L’un des principaux risques liés aux placements atypiques réside dans leur compréhension. Derrière des concepts séduisants se cachent des mécanismes parfois complexes, qu’il s’agisse de la gestion forestière, des cycles hôteliers ou des dynamiques boursières du secteur spatial. Or, de nombreux investisseurs sont attirés par l’aspect innovant ou concret de ces actifs sans en maîtriser pleinement les implications. Cette méconnaissance peut conduire à des décisions inadaptées, notamment en cas de baisse ou de retournement de marché.

Investir suppose non seulement d’anticiper un rendement, mais aussi d’accepter un niveau de risque et un horizon temporel cohérent avec sa situation personnelle.

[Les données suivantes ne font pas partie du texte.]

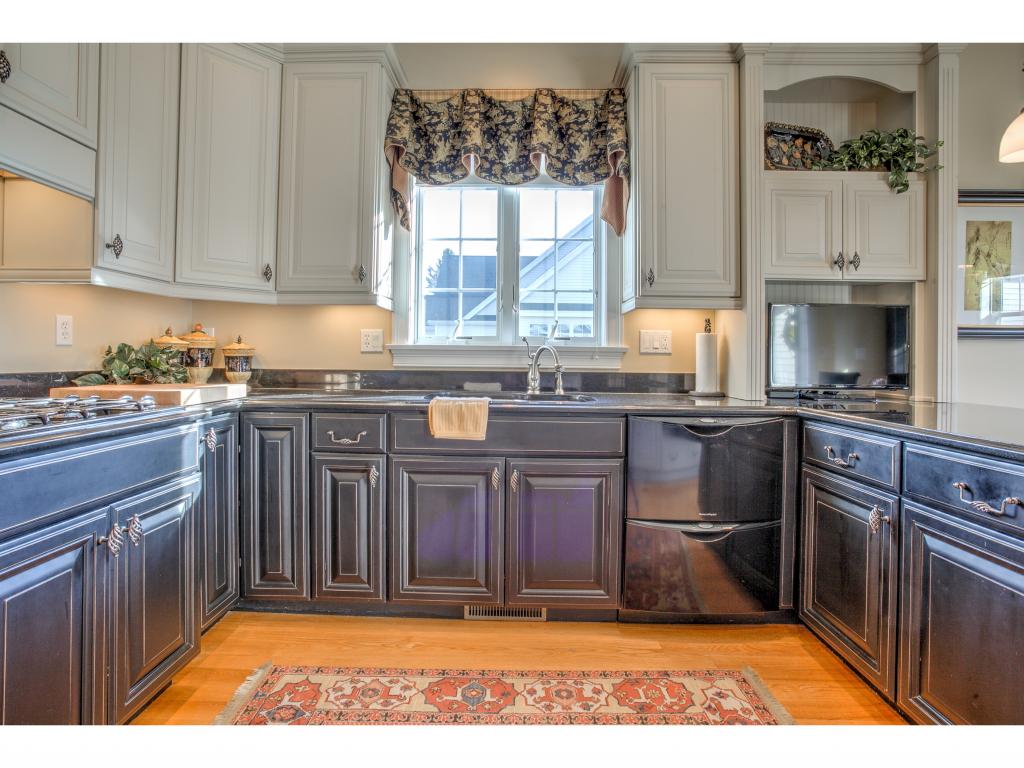 6 Baron's Way, Unit 6 Stratham, NH 03885 - Photo 4 of 32 Gallery Image 4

Des opportunités réelles, à condition de garder du recul

Les placements atypiques ne doivent pas être perçus comme des solutions miracles ni comme des investissements à éviter. Ils traduisent une évolution naturelle des marchés et offrent de véritables opportunités pour les investisseurs avertis. La forêt répond à une logique patrimoniale de long terme, l’hôtellerie bénéficie d’un cycle favorable, et le spatial s’inscrit dans une dynamique d’innovation mondiale. Mais leur pertinence dépend avant tout de leur intégration dans une stratégie globale.

Dans un environnement économique incertain, la tentation de se tourner vers des actifs différents est compréhensible. Reste à ne pas confondre diversification et effet de mode. Car si ces placements peuvent enrichir un portefeuille, ils exigent avant tout une chose : une compréhension claire de ce que l’on fait, et pourquoi on le fait.